Kendimizi, yarattığımız eğitim sisteminin çaresizlikleri içine hapis edip, sonra bu sistemi ve kalabalıkları aşmak için çeşitli isimlerde yıllardır sürdürdüğümüz bir sınavlar sistemi yaratmışız. Zaten fakirleşen halka eğitim ekonomisinin içinde çeşit çeşit harcama kalemleri yaratmışsın. Çocuğum bari bu kaderden kurtulsun, doktor, mühendis olsun diye elinde avucunda ne varsa harcıyor veliler.

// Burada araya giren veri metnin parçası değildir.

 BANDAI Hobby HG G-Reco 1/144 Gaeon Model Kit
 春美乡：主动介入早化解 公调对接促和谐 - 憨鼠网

Üniversitelerin sayısını artırmışsın ama akademik olarak yetersiz akademisyenlerle şişirmişsin. Akademisyenler araştırma yapmak, tez yazmak, bilimsel sonuçlar çıkartmak yerine bol bol ders saati doldurup, maaşını artırma yoluna girmişler. Akademisyenlerinin her biri 10 yılda toplam 2 şer bilimsel yayın yapabilen üniversitemiz, dünyanın ilk 500 üniversitesi içine girebilmiş. Diğer üniversiteleri düşünün belki akademisyenlerinin 1 araştırma ortalaması bile yoktur. Zeki öğrencilerin bir kısmını üniversite sıralarında enerjilerini söndürürken, ısrarlı olarak zihnini kullanmayı sürdüren öğrencileri yurt dışına adeta “armut piş, ağzıma düş” misali kayıp ediyoruz. Sonra da bilimsellik, sanayileşme, dünya ile rekabet etmeyi bekliyoruz. Hâlâ ülkede kalan olursa, akademiye de, iş hayatına da politik kartvizit getiremediği için almıyoruz. Yazık bu üniversite hazırlığı için alınan dershane eğitimine, alınan kitaplara ve verilen emeklere. Üniversitenin kapısına gelmiş tüm öğrencileri sınavsız okullara kayıt yapsak, sonra da derse devam edebilen ve sadece gerçek anlamda sınavlarda başarılı olanları bir üst sınıfa geçirsek daha başarılı öğrenciler yetiştirebiliriz. Şimdiki sistemde de üniversitelerimizin dünya sıralamasında yeri bellidir ki bu seviyenin altına da ne yapsak inemez.